Muddy returns to the motel and meets the real hitmen. He angrily swears to track down and kill Beavis and Butt-Head. The hitmen, who stole Beavis and Butt-Head's television, abandon it in front of the motel. Beavis and Butt-Head awaken to find the drifters gone and continue walking until they become dehydrated and weak. Beavis, suffering dehydration, takes a bite out of a peyote cactus, causing him to hallucinate.

Muddy finds Beavis and Butt-Head. After learning that Dallas intends to meet them, he puts them in his trunk and drives on. In Virginia, they jump out onto the interstate and cause a 400-car pileup. They walk past the scene and board their original tour bus, stopping at the Capitol before reaching the White House. Muddy confronts Dallas in a parking garage before she can meet Beavis and Butt-Head. She seduces him and they have sex in his car.

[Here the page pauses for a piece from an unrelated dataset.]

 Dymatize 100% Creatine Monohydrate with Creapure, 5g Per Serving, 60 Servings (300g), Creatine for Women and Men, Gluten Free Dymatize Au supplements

The ATF is dispatched to the White House because Beavis and Butt-Head are there on the same day as a peace conference. Beavis consumes caffeine and sugar and transforms into Cornholio, his hyperactive alter ego. Wandering into the Oval Office, he picks up the red phone, causing a military alert. Butt-Head attempts to seduce Chelsea Clinton but is thrown out of her bedroom window. He is detained and cavity-searched by ATF officers.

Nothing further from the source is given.